With the pictures removed, write out the full listing below exactly.

Source material:
※
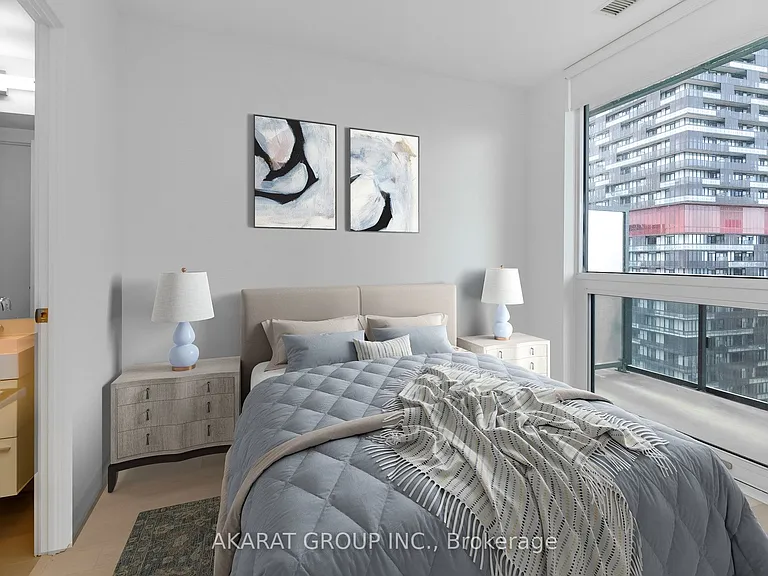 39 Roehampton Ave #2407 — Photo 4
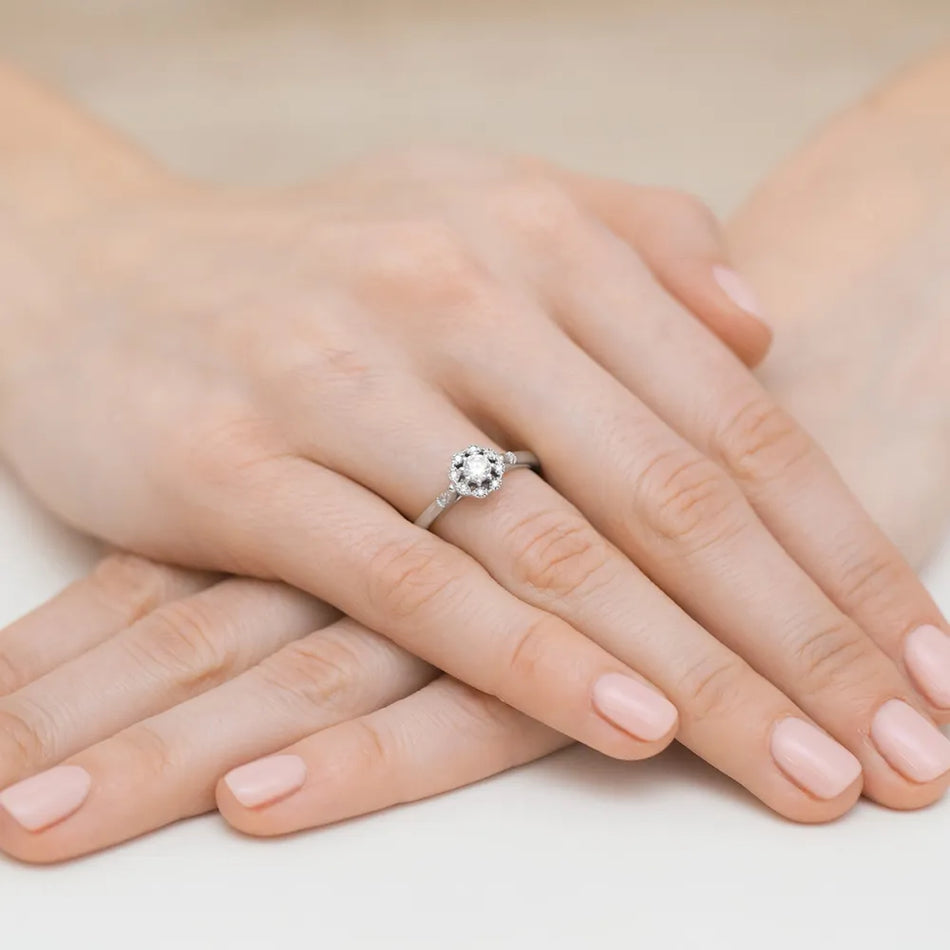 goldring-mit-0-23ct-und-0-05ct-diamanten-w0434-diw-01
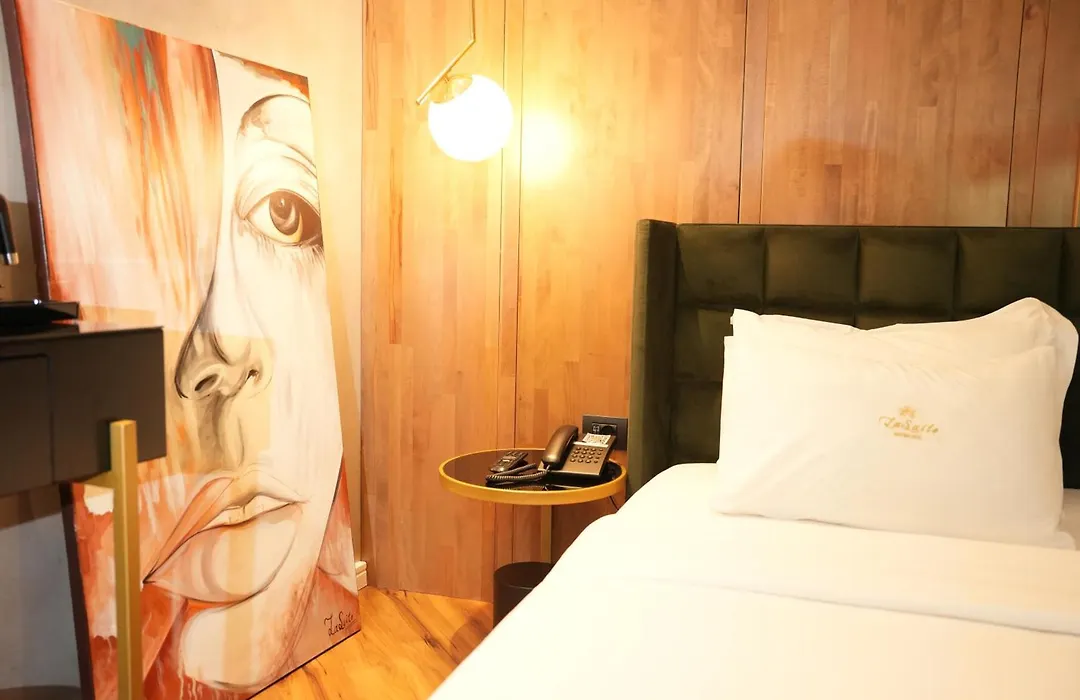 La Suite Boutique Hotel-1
※
Solution:
 39 Roehampton Ave #2407 — Photo 4
 goldring-mit-0-23ct-und-0-05ct-diamanten-w0434-diw-01
 La Suite Boutique Hotel-1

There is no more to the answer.